▸ Data excerpts:
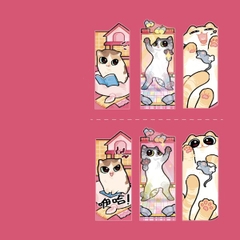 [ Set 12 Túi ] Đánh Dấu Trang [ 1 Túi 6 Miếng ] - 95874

...

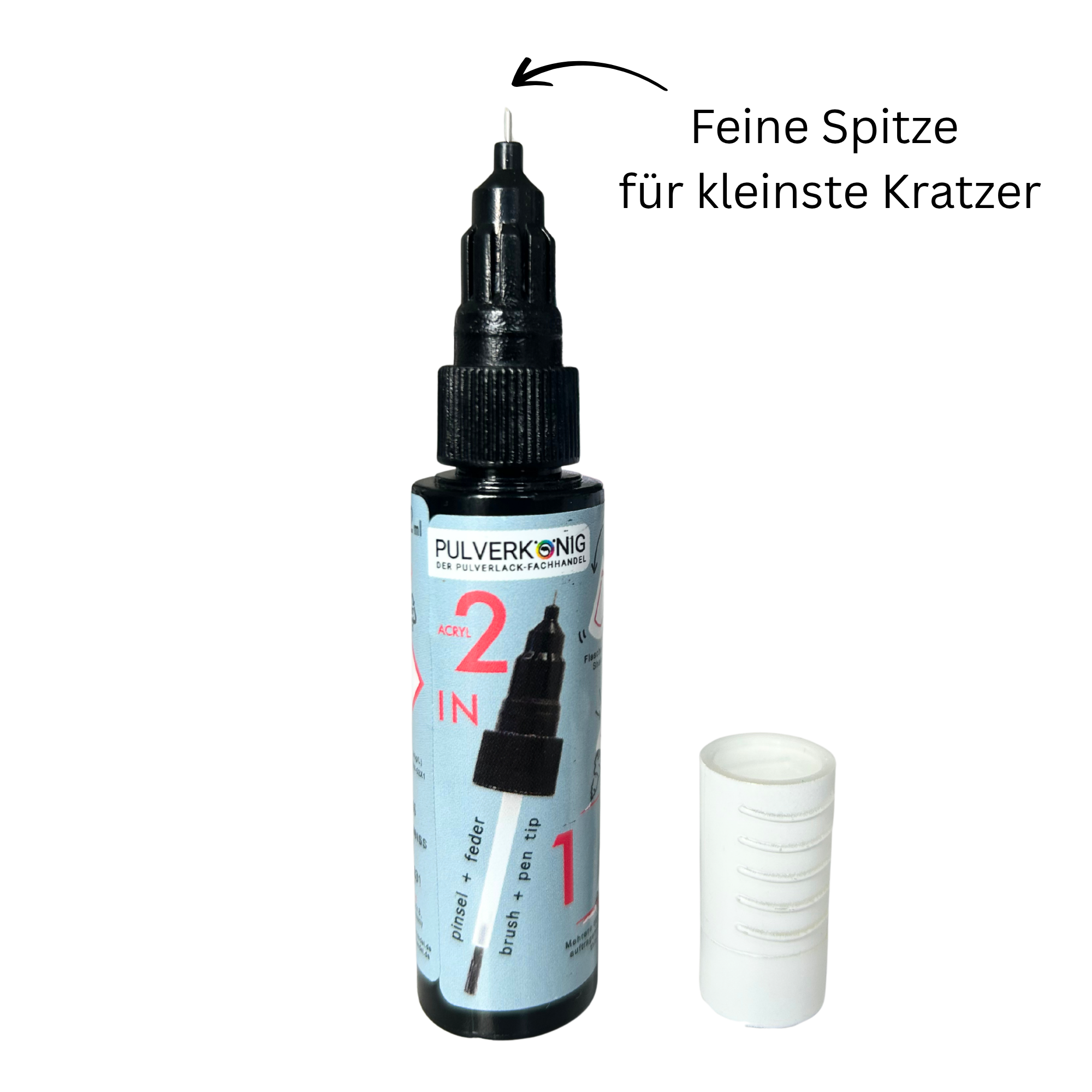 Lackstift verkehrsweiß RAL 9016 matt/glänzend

* * *

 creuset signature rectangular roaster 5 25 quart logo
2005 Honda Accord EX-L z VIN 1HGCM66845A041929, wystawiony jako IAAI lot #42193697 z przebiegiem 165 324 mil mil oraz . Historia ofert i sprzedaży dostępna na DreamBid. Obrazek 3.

▸ Assignment: Within the material above, extract exactly the lines that start at the line containing "creuset signature rectangular" and stop after the line containing "2005 Honda Accord", and only those.

▸ Reply to the exercise:
 creuset signature rectangular roaster 5 25 quart logo
2005 Honda Accord EX-L z VIN 1HGCM66845A041929, wystawiony jako IAAI lot #42193697 z przebiegiem 165 324 mil mil oraz . Historia ofert i sprzedaży dostępna na DreamBid. Obrazek 3.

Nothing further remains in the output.